(THE DATA Opens)
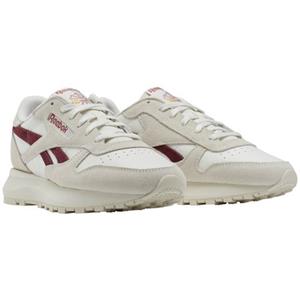 Reebok Sneakers CLASSIC LEATHER SP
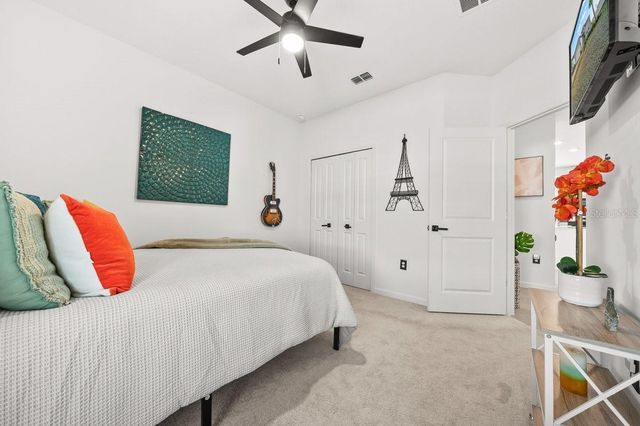 4417 NW 14TH LOOP, Ocala, FL 34482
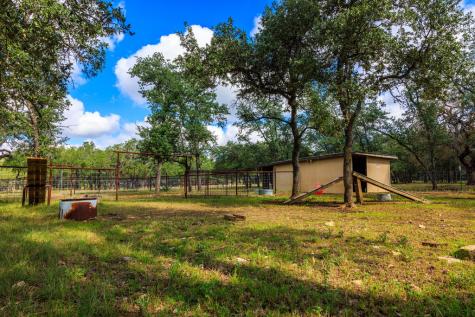 2873 Ranch Road 1888 Fredericksburg TX 78624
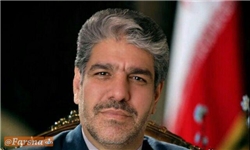 حضور آخوندی در مجمع نمایندگان آذربایجانشرقی برای پاسخگویی حضور آخوندی در مجمع نمایندگان آذربایجانشرقی برای پاسخگویی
(THE DATA Closes)
__EXERCISE PROMPT__
Restate exactly the lines that start at the "4417 NW 14TH LOOP, Ocala, FL 34482" line and end with the last line of the material above, leaving out the pictures.

__SOLUTION FOR THIS PROBLEM__
 4417 NW 14TH LOOP, Ocala, FL 34482
 2873 Ranch Road 1888 Fredericksburg TX 78624
 حضور آخوندی در مجمع نمایندگان آذربایجانشرقی برای پاسخگویی حضور آخوندی در مجمع نمایندگان آذربایجانشرقی برای پاسخگویی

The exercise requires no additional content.